One of the most important aspects of reading for academic study is reading so you can make use of the ideas of other people. This is important as you need to show that you have understood the materials you have read and that you can use their ideas and findings in your own way. In fact, this is an essential skill for every student. Spack (1988, p. 42) has pointed out that the most important skill a student can engage in is "the complex activity to write from other texts", which is "a major part of their academic experience." It is very important when you do this to make sure you use your own words, unless you are quoting. You must make it clear when the words or ideas that you are using are your own and when they are taken from another writer. You must not use another person's words or ideas as if they were your own: this is Plagiarism and plagiarism is regarded as a very serious offence.

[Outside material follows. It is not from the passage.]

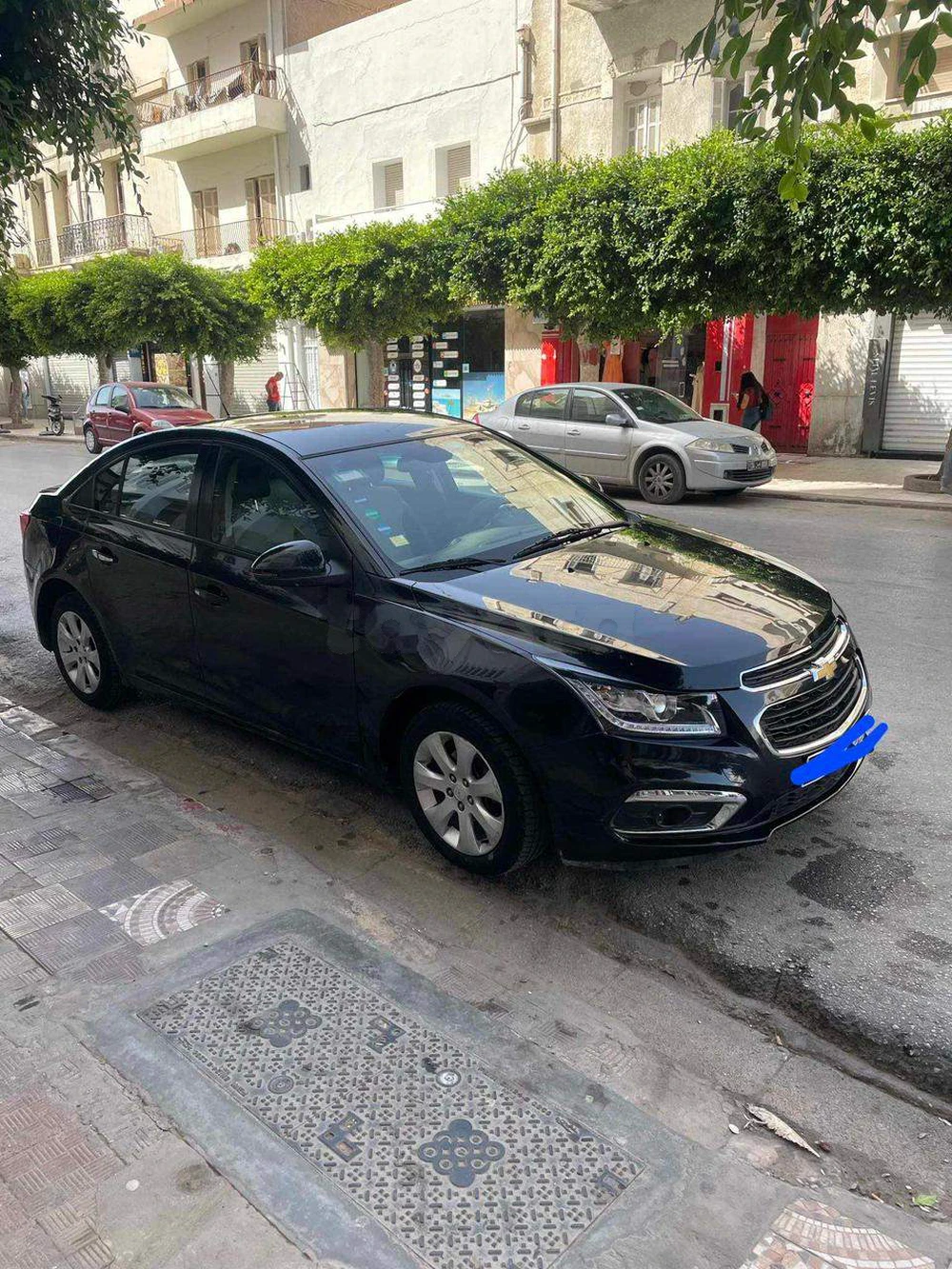 Carte voiture Chevrolet Cruze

Paraphrasing refers to rewriting a given sentence using your own words. When we need to use a sentence in our writing that someone else wrote, we paraphrase it. That is, we use the same idea(s) in that sentence and write it differently. In addition to using different words, we use different grammar. The main purpose of paraphrasing has to do with being able to use someone else’s ideas while we write our own texts. Of course, it is required that any writer acknowledges the original source using the proper citation format.

 

Example1: Original sentence: PayLess is closed because of the bad weather conditions. Inappropriate paraphrase: PayLess is closed because of the bad weather. This paraphrase has too many words, such as “PayLess is closed because of” are repeated. It is important to use different words and grammatical structure, while keeping the same meaning of the original sentence. Appropriate paraphrase: Since the weather is terrible, the grocery store is not open. As can be seen in the above example, in addition to using different words, the grammatical structure of the sentence was changed by starting with the second part (dependent clause) of the original sentence.
Example 2: Source Material Some argue that the approximately 11 million undocumented immigrants in the United States ought to receive a path to US citizenship, while others claim that these immigrants need to be deported back to their home countries. Inappropriate paraphrase Some say that the 11 million undocumented immigrants in the United States ought to receive a way for citizenship, while other people say that the immigrants should go back to their countries. The inappropriate paraphrase is too close to the original sentence. Several words are the same and the complex structure of the sentence is the same. Deleting some words from the original sentence is not enough to write an appropriate paraphrase. Appropriate paraphrase Although some individuals maintain that undocumented immigrants should go back to their countries, others defend these immigrants’ right for a path to citizenship. The appropriate paraphrase uses a different structure for the sentence, and most words are different from the original.

Summarizing

A summary should be a short version of a longer original source. Its main goal is to present a large amount of information in a short and concise text that includes only the most important ideas of the original text.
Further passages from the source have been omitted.